My program takes 52 lines of code (including comments), and I'm not interested in programs which take too many lines to implement, up to 100 or 200 lines are fine. I checked and it takes about one second to calculate 5,000 digits of pi (with add = 500), and a little less than two minutes to calculate 50,000 digits (with add = 5000). With 5,000 digits it took 14 iterations, and with 50,000 digits 17 iterations, but I didn't count how many iterations it took to calculate the square roots. Is my program efficiently using the Gauss–Legendre algorithm, or can it be made more efficient?

By the way, add doesn't have to be 500, even 4 or 5 is enough. But I wanted to make sure all the digits of pi are correct (and they are). With add = 0 the last 2 or 3 digits are not correct.

I took the square root program from a program I wrote in 2013, but I don't know the name of the algorithm I used and whether it's the most efficient algorithm or not.

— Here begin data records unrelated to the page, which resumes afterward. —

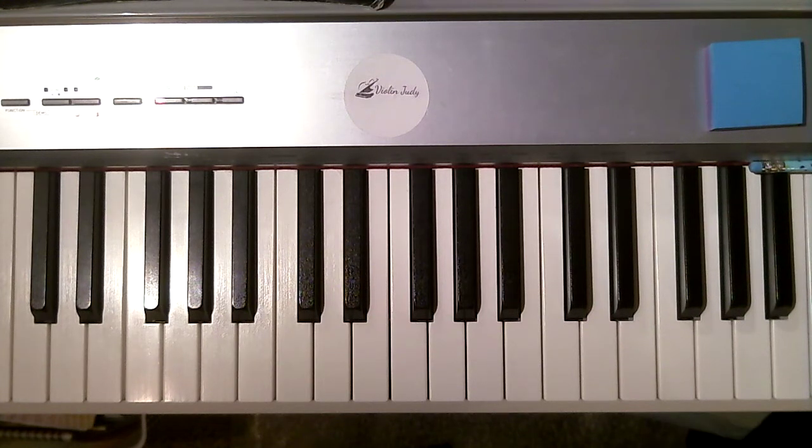Hi, it's me, your piano teacher, Violin Judy, and here is a practice video for Autumn Winds.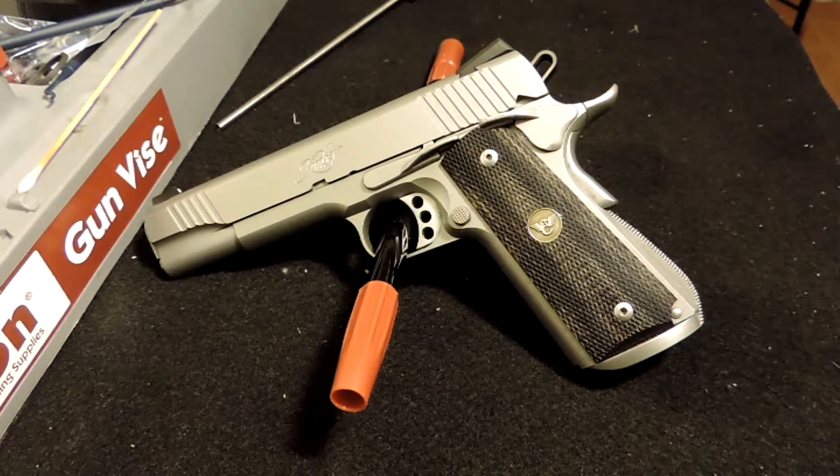I could sit here and make a video about 1911s and break it down and talk about the parts and all of that, but I'm probably, out of the billions of people who've made 1911 videos on YouTube, the least qualified to do a video on it. I'm not a firearms expert. I'm not a lifelong gun guy. It's something I picked up later in life.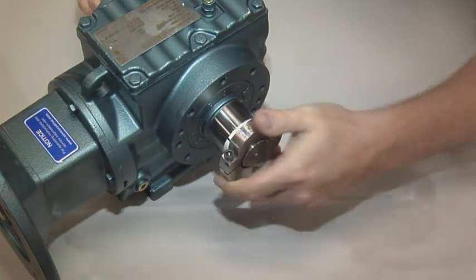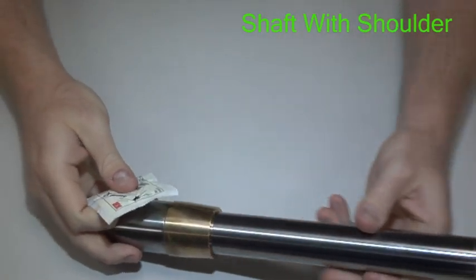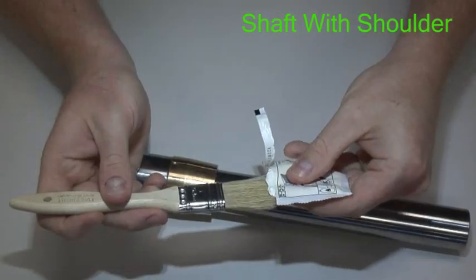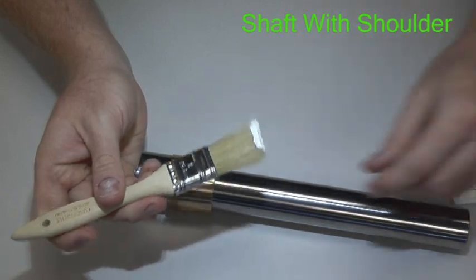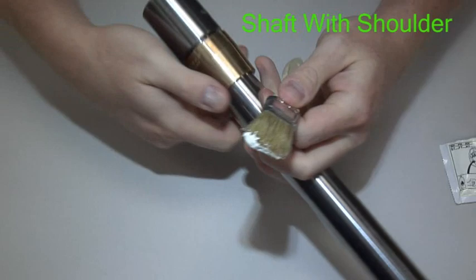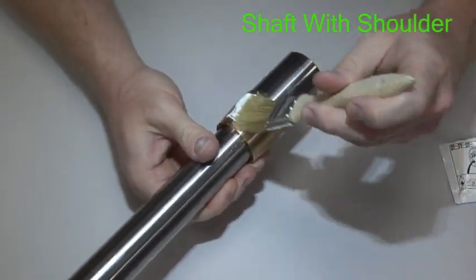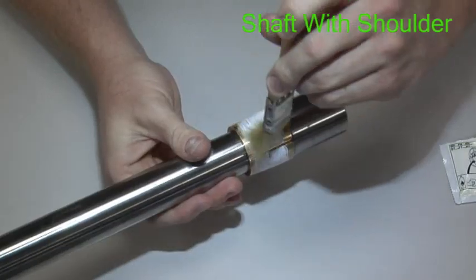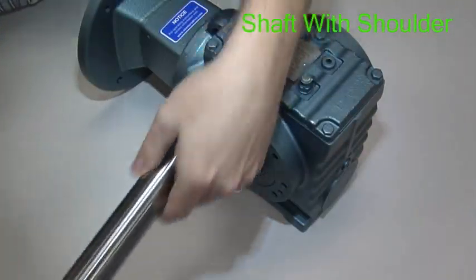For shafts with a shoulder, there is no clamping ring, so only the support bushing is used at this time. Apply the NOCO assembly paste onto the support bushing, then install the shaft into the reducer.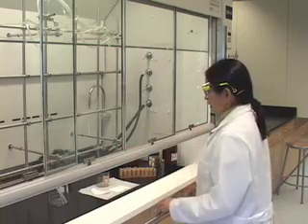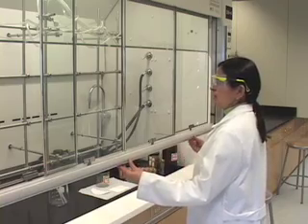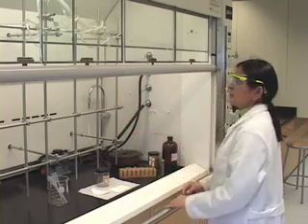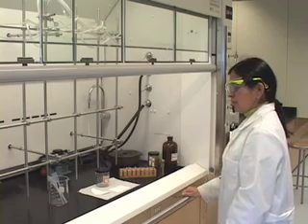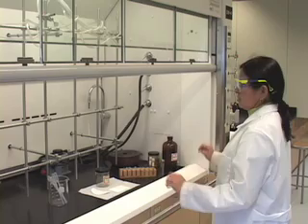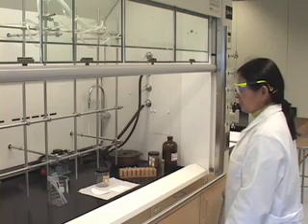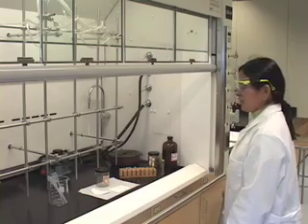For our video recording purposes of the demonstration, we will be working with our hoods raised all the way just so that the reflection of the glass doesn't interfere with our recording. Please note that this is not the correct way to be working in the hood, but we have the hood sashes raised only so that the glass reflection does not interfere with our recording.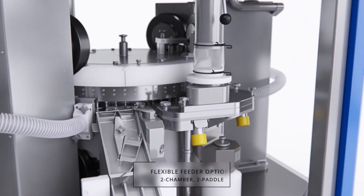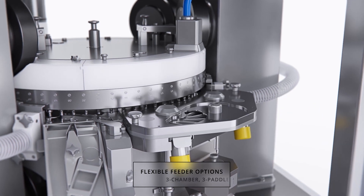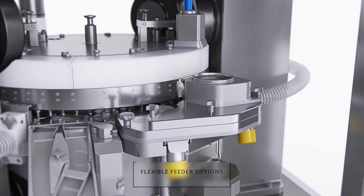To adapt to and optimize the flow properties of the material, the XT600 features a flexible 2-chamber or 3-chamber variable speed feeder, driven and controlled by a servo motor.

Update: I remind you my question: I would like to know how efficient are the algorithms above, in \$\mathcal{O}(n)\$ (n is the number of digits to calculate), and how efficient is my program? I prefer not to import modules, but use pure Python (either 2 or 3) without any import. And of course if we start with a number closer to the square root (such as a or b) then it will take fewer iterations to calculate the square root.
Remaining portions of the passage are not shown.